Of all the lines below, return only those starting with the line holding "If it is silicone" and going on through the line holding "If you are asking", exactly as written.

Given records
>>>>

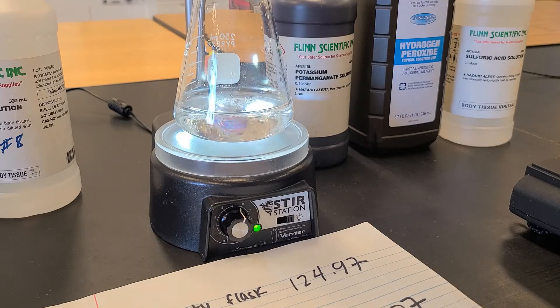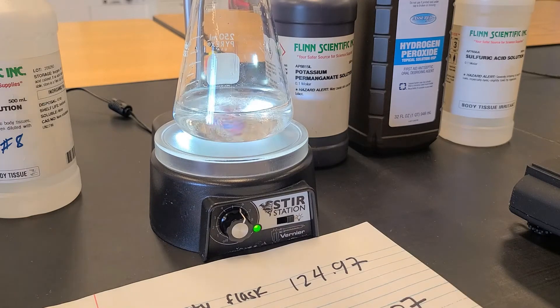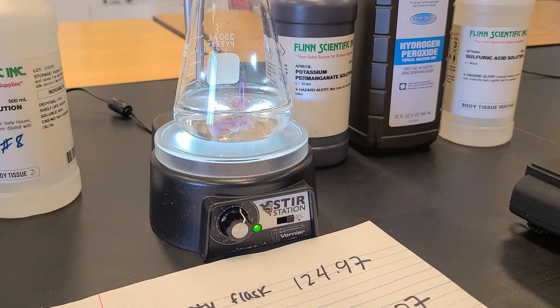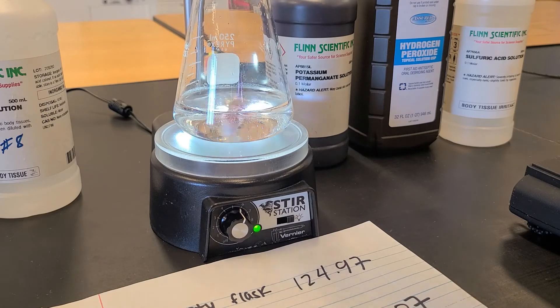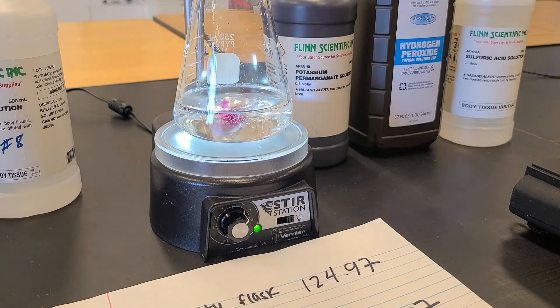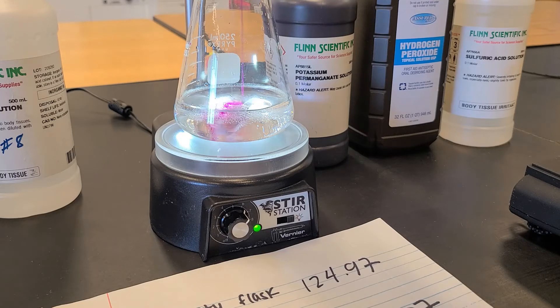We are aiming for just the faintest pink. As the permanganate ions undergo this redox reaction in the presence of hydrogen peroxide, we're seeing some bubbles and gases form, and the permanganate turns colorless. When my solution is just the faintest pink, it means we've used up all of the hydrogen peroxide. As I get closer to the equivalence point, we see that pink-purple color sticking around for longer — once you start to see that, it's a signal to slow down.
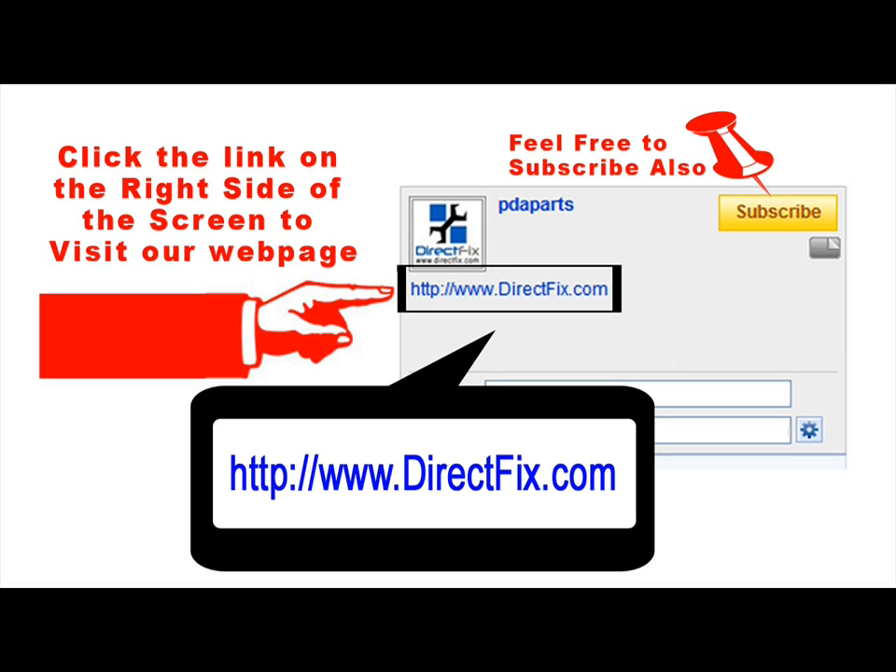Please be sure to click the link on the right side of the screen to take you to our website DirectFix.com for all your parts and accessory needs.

<<<<
>>>>

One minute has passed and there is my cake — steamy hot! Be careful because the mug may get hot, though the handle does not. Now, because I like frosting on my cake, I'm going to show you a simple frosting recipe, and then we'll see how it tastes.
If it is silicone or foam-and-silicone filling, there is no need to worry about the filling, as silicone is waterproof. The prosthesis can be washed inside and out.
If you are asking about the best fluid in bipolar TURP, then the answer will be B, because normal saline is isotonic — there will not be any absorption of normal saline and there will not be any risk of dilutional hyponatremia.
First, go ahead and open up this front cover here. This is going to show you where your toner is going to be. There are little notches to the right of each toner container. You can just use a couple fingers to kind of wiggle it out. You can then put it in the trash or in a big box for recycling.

<<<<

Expected output
If it is silicone or foam-and-silicone filling, there is no need to worry about the filling, as silicone is waterproof. The prosthesis can be washed inside and out.
If you are asking about the best fluid in bipolar TURP, then the answer will be B, because normal saline is isotonic — there will not be any absorption of normal saline and there will not be any risk of dilutional hyponatremia.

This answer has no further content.